From that point if view, the original question in the Poisson case can also be formulates as folows. given $\pi = \hbar \pi_1$ and a formality yielding $\star$, is there another formality such that $\star$ has a corresponding class $\pi' = \hbar \pi_1 + \hbar^2 \pi_2 + \cdots$ which is not equivalent to $\pi$ by means of the formal diffeos?

OK, not much of a help, but just a refomulation of the problem.

Answer 2

Let me give a conjectural answer.

Point 1. $GRT$ acts non-trivially on poly-vector fields by $L_\infty$-isomorphisms (see T.Willwacher, M. Kontsevich’s graph complex and the Grothendieck-Teichm¨uller Lie algebra, arXiv:1009.1654 for an explicit description of this actions).
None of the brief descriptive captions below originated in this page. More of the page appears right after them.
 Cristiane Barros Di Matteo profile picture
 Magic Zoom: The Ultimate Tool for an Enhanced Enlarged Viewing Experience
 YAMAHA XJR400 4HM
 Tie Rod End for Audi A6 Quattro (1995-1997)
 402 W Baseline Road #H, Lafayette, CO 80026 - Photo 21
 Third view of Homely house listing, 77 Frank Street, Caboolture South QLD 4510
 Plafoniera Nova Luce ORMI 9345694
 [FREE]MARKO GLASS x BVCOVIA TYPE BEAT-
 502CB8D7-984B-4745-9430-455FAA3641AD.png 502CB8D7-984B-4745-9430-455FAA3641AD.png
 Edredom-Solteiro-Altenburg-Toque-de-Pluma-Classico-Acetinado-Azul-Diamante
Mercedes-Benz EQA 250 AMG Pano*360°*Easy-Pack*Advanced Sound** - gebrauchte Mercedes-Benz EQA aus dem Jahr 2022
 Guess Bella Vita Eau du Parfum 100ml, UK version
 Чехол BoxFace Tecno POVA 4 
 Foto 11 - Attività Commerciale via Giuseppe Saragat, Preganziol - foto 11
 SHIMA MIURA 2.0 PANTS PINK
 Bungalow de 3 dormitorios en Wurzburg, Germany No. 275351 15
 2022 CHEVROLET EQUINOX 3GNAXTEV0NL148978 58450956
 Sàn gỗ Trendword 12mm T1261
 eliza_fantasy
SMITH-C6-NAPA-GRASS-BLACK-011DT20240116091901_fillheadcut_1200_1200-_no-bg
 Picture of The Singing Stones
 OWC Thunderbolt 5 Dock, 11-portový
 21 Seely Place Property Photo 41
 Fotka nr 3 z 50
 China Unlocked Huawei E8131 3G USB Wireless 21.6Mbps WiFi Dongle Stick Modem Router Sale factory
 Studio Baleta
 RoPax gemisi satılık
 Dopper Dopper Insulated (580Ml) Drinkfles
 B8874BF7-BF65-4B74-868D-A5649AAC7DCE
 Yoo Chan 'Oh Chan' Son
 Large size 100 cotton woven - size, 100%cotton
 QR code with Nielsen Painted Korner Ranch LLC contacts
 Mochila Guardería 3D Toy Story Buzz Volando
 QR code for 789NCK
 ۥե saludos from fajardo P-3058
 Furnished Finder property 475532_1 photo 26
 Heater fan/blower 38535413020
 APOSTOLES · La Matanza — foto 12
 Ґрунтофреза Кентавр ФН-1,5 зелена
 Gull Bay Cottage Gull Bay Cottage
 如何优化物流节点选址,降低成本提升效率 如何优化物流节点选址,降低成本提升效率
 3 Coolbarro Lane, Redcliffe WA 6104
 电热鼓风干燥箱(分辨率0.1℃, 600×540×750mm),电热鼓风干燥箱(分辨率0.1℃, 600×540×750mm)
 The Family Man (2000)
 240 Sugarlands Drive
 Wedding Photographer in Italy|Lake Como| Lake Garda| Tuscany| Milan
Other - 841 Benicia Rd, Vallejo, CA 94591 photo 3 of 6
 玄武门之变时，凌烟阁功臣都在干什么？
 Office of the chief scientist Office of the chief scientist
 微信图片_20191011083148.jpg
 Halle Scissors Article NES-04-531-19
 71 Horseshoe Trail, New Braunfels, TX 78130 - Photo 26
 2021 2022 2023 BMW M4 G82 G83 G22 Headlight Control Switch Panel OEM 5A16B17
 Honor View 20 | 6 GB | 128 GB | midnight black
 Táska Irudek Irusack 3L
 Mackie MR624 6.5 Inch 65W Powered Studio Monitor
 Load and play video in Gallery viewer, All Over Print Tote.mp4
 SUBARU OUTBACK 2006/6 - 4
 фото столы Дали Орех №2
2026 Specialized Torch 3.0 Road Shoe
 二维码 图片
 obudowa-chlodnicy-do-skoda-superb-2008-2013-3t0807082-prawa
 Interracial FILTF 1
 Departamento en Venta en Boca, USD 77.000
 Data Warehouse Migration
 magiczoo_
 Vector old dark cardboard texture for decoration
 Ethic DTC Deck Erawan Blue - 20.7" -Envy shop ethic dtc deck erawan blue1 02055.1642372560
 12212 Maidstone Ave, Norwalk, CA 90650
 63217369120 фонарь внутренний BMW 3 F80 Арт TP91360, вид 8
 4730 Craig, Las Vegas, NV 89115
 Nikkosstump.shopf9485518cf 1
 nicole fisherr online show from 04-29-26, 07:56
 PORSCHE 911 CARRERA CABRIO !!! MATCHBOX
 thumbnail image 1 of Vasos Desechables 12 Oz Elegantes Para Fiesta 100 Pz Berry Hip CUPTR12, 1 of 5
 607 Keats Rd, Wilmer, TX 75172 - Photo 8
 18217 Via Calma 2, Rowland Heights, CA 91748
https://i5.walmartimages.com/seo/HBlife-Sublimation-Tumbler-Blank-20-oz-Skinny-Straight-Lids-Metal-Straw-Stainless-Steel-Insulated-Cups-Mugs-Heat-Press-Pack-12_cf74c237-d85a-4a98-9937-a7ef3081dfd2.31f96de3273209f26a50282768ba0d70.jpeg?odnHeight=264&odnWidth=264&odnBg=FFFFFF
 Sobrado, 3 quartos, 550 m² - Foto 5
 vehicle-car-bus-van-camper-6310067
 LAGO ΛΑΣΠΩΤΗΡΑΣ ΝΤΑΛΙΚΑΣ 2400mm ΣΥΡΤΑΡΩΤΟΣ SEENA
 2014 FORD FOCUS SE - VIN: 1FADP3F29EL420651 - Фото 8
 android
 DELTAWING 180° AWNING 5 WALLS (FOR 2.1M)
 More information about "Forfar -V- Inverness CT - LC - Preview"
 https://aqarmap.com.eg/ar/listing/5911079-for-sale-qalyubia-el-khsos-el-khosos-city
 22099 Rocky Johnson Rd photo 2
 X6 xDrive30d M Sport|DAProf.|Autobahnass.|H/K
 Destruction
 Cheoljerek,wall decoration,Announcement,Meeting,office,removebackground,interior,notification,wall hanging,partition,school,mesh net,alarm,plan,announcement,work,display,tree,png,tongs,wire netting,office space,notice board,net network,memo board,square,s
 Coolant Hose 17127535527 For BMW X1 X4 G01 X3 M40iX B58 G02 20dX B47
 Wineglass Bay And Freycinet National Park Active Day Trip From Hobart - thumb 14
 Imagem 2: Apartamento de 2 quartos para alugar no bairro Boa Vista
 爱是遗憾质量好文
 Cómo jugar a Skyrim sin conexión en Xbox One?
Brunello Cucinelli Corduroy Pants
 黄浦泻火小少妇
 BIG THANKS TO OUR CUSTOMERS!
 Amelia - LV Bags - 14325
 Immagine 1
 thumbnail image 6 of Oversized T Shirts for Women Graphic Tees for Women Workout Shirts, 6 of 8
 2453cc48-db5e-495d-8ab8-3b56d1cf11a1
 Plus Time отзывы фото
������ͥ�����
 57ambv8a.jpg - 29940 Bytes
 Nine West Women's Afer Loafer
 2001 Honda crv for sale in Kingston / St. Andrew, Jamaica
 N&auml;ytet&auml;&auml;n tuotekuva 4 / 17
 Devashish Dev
Point 2. I guess that $GRT$ actually acts non-trivially on the set of equivalence classes of Maurer-Cartan elements (I haven't checked this).

Point 3. composing Kontsevich's formality map with the action of GRT gives a negative answer to your question if Point 2 is correct. .

Point 4. concerning the symplectic case, the main reason why the classification map doesn't depend on any choice is because the quantization is unique. Let me explain further: the choices involved in the formality isomorphism appear in the local case. By itself, the globalization procedure does not require any additional choice.